With a combo of drugs from
different classes, it is possible to attack HIV on several
lifecycle fronts at once.
FUTURE BLOCKS
Pipeline products that deploy new strategies
PlAN A: KEEP HIV OUT OF CELLFusion Inhibitors: Trimeris’ T-20, already in clinical trials in 100-plus people, is at the head of the class that blocks cell fusion (see “Attachment,” above), but several other compounds are under study, including Progenic’s PRO542, Advanced ImmuniT’s Peptide T and Trimeris’ own T-1249.
CCR5 Blockers: CCR5 is the key coreceptor used by many HIV strains as an “Entry” (see above). Blocker compounds adhere to CCR5 and prevent HIV from taking that first fateful step. Based on one of AIDS research’s most fascinating finds—that people whose two CCR5 genes are missing or mutated may be resistant to HIV infection yet suffer no ill-health consequences —scientists have deemed CCR5 a prime target for drug attacks. PRO140, by Progenics, is a monoclonal antibody that blocks HIV from using CCR , while allowing in the body’s
natural cytokines. The company plans its first animal study this year. SCH-C, recently discovered by Schering-Plough, is one of a handful of CCR5-binding compounds.
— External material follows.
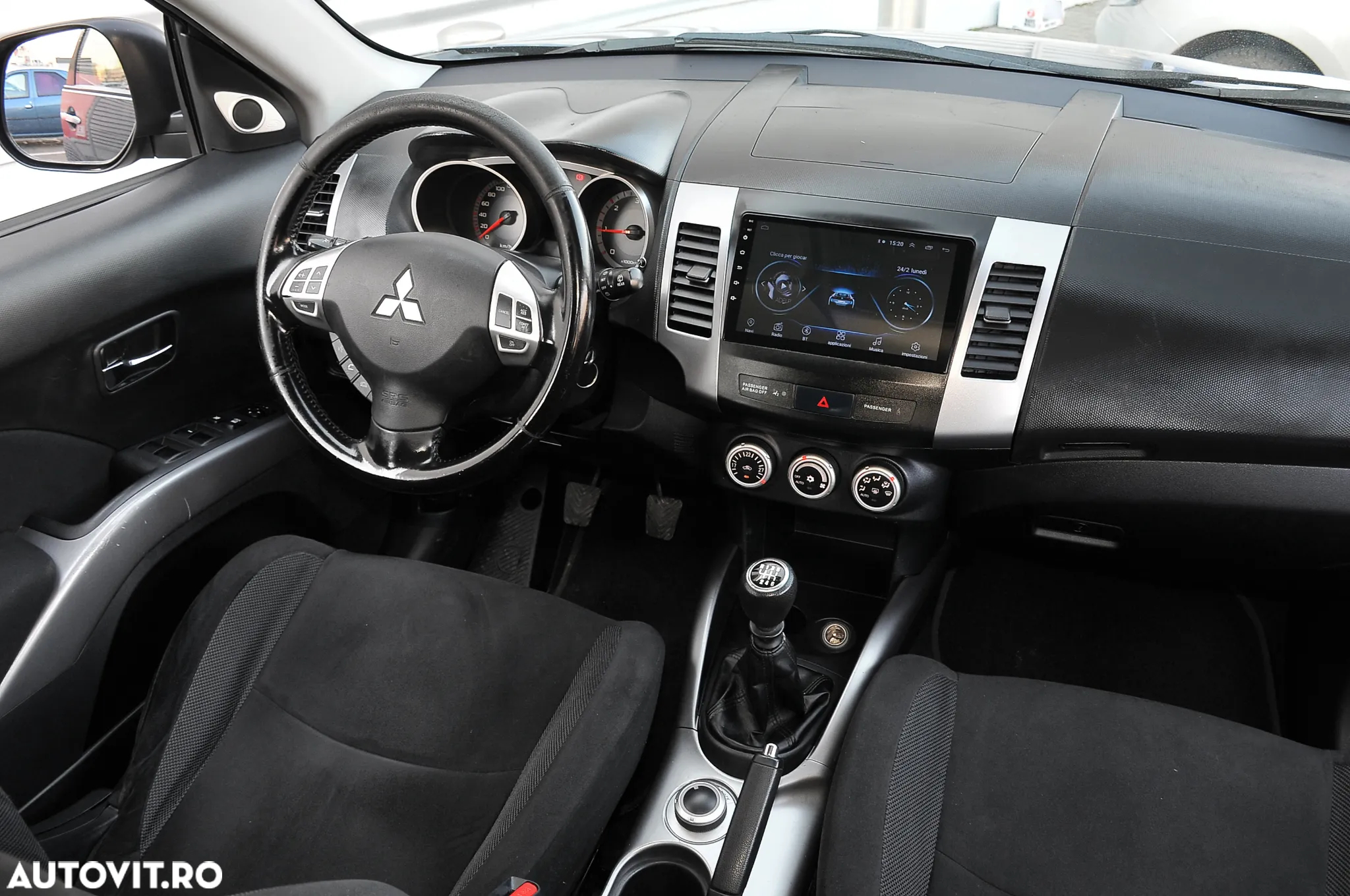 Mitsubishi Outlander 2.0 DI-D 4WD Instyle - 4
CXCR4 Blockers: Once the virus gloms onto CCR5, it completes the penetration of the cell wall. But some HIV strains use another coreceptor, CXCR4, to get inside. The FDA’s Scott Hammer, MD, raises “a cautionary note” about this potential target: “If you thoroughly block the CXCR4, will that lead to difficulties” in humans? AMD3100, under development for about a decade by the Canadian firm AnorMED, has passed a safety trial and is set for dosing trials.
PLAN B: STOP HIV TAKEOVER OF CELLIntegrase is the enzyme that cuts and pastes HIV’s genes into the DNA of the invaded cells (see “The Shooting Gallery,” page 58). In January, Swiss drug giant Merck announced that two out of 250,000 compounds it had screened block the integrase process in a test tube. But the company said that the compounds, known as diketo acids, are inappropriate for use in humans. Merck is now on the prowl for variations of the compounds.
PLAN C: BOOST THE IMMUNE SYSTEMIL-2: Interleukin-2 is a naturally occurring cytokine that causes the immune system’s CD4 cells to reproduce. NIAID Director Anthony Fauci, MD, backs it as an immune booster, although trial results have been mixed.
Therapeutic vaccines: Unlike an infection-preventing vaccine, a therapeutic one kickstarts the immune response in people already infected and may work well in HIVers whose immune systems go to sleep when their HAART cocktail knocks down viral load. (Agouron’s Remune is one such candidate.) Aaron Diamond’s David Ho, MD, a leading investigator, calls this type of treatment “a concept not yet proven.”